In case you’re not already a fan of the titular ragtag group of clone troopers here’s what you need to know. They were first introduced in The Clone Wars. Each clone has a genetic deficiency which gives them a special skill. But most importantly in the context of this series that also allows them to think for themselves. For producer Brad Rau, their outsider status is key to their popularity. “That speaks to all of us. It’s really awesome to have this misfit group of people that don’t really fit in anywhere. I identify with that tremendously.”
It’s not just that misfit mentality, though. The real power of the Bad Batch comes from their roles as the underdogs in a greater David and Goliath battle with the Empire. “How anybody can make a difference is a big deal! What that difference means is not always blowing up the Deathstar,” Rau explained. “Sometimes it’s something smaller.”

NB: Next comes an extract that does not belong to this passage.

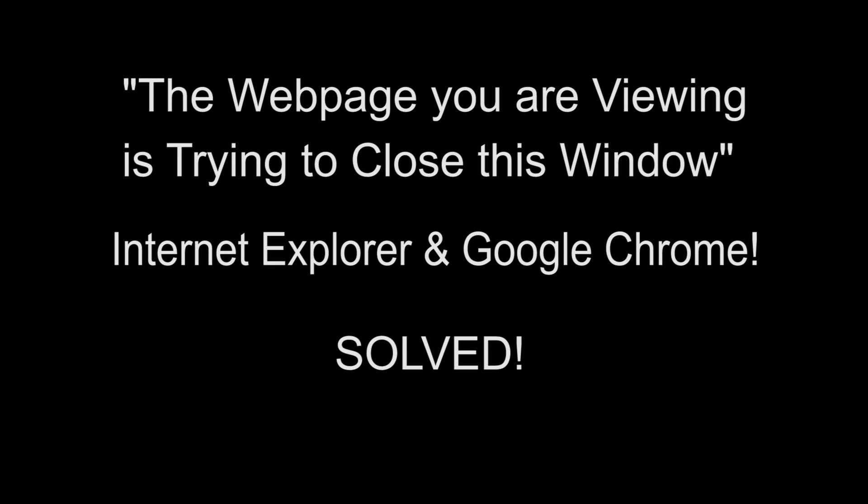Okay everyone, what this video is about is a couple weeks ago I started getting this annoying message. When I would close my Google Chrome, I would get this error message: 'The web page you were viewing is trying to close this window.'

That aspect of adapting to change and trying to find small ways to do good was something Rau was really excited for viewers to see. “I think some of those stories where our characters have to survive in this changing galaxy and realize that they have to resupply but they can’t just go down the hall to get the new equipment, like how does that work? Those are the things that we deal with. And I think seeing these soldiers that are so good at being soldiers have to not be soldiers, and how they interact with young Omega, is when it gets really good.”

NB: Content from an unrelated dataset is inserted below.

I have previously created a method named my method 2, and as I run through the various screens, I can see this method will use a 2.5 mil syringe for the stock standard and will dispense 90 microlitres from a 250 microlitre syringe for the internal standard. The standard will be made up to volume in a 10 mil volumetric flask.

The Bad Batch are also unconventional action heroes. The people in charge all perceive them as “defective;” an interesting analog for disability in the galaxy and how society treats those it deems different. “I love that part about them,” Corbett told Nerdist. “That’s why I responded to their arc in The Clone Wars so strongly. Even though according to the canon they’re considered defective, they are still highly skilled. They don’t apologize for being different, they embrace it because it’s just who they are. They’re still very capable, and I think that’s just an important thing for us because you don’t always have to fit in with the mass society in order to have this existence. Watching them make decisions and come to different realizations as they’re charting their own course and figuring out really who they are as individuals is really exciting.”